The law's challengers, 18 red states led by Texas, are urging the court to rule that Obamacare's requirement for nearly all Americans to obtain health insurance or pay income tax penalties — known as the individual mandate — is unconstitutional. And they say the entire law must be scrapped.
The Supreme Court first upheld the law in 2012. The majority opinion written by Chief Justice John Roberts said the individual mandate was a legitimate exercise of Congress' taxing authority. But in 2017, the Republican-led Congress set the tax penalty at zero.
That led the red states to argue that because the tax was effectively eliminated, the revised law could not be saved as a tax and was therefore an unconstitutional effort to require all Americans to obtain something, specifically insurance. A federal judge in Texas agreed, and the 5th U.S. Circuit Court of Appeals in New Orleans upheld the ruling.

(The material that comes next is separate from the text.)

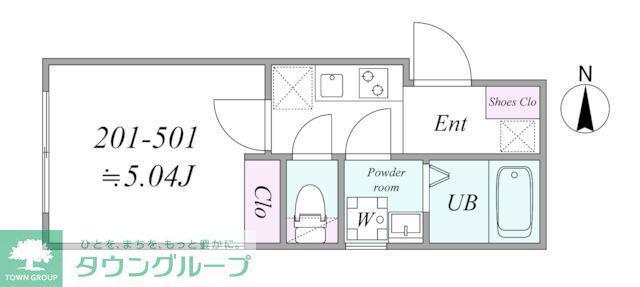 CLAIREA千住大橋(1K/4階)の間取り写真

But 20 blue states, led by California, asked the Supreme Court to overturn the lower court decisions, arguing that with the tax penalty at zero, there effectively is no individual mandate, so the law is not unconstitutional.
How Will Amy Coney Barrett Factor In?
The Supreme Court's newest member, Justice Amy Coney Barrett, might be inclined to agree with the red states about the constitutionality of the mandate. In a 2017 law review article, she said Roberts' opinion "pushed the Affordable Care Act beyond its plausible meaning to save the statute."
But even if the court rules that the individual mandate is unconstitutional, the justices must still decide whether that dooms the entire law or whether the rest of it can be left intact.
How Does COVID-19 Factor In?
Before the ACA, insurers could turn a person down for an individual policy, or charge them more, based on their medical history. The nonpartisan Kaiser Family Foundation estimates that about 54 million working-age adults have health issues that would have made them “uninsurable” before former President Barack Obama's signature law.
Tens of millions more have issues that could have led to higher premiums. Female gender was one, as insurers routinely charged women more.
COVID-19 would become America's newest pre-existing condition, for more than 10 million people who have tested positive so far.
Under the ACA, a coronavirus case cannot be used to deny someone coverage or charge them more. If Obamacare is gone, that becomes a real question.
When Will We Know?
The court will hear oral argument by telephone conference call and issue a decision by next spring.
The Associated Press contributed to this report.